◆ **Dataset excerpts**:
⁂

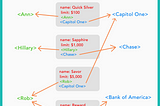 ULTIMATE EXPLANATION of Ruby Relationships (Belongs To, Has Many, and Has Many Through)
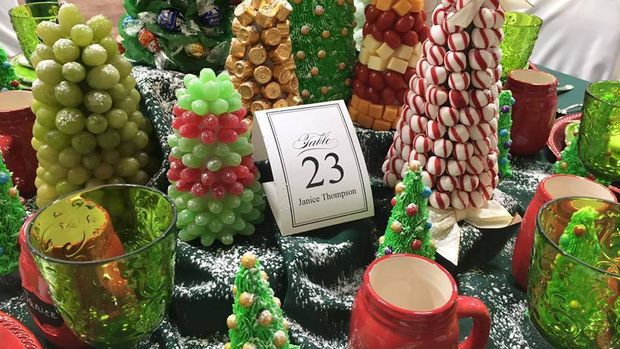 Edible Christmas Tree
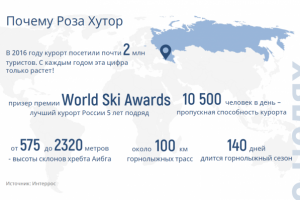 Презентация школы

⁂

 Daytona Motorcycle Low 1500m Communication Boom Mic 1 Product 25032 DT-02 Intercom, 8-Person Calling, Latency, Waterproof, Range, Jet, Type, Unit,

⁂

◆ **Exercise requirements**: With pictures omitted, repeat the entries above word for word from the line holding "ULTIMATE EXPLANATION of" down to the line holding "Презентация школы", keeping both of those lines.

◆ **Result of this exercise**:
 ULTIMATE EXPLANATION of Ruby Relationships (Belongs To, Has Many, and Has Many Through)
 Edible Christmas Tree
 Презентация школы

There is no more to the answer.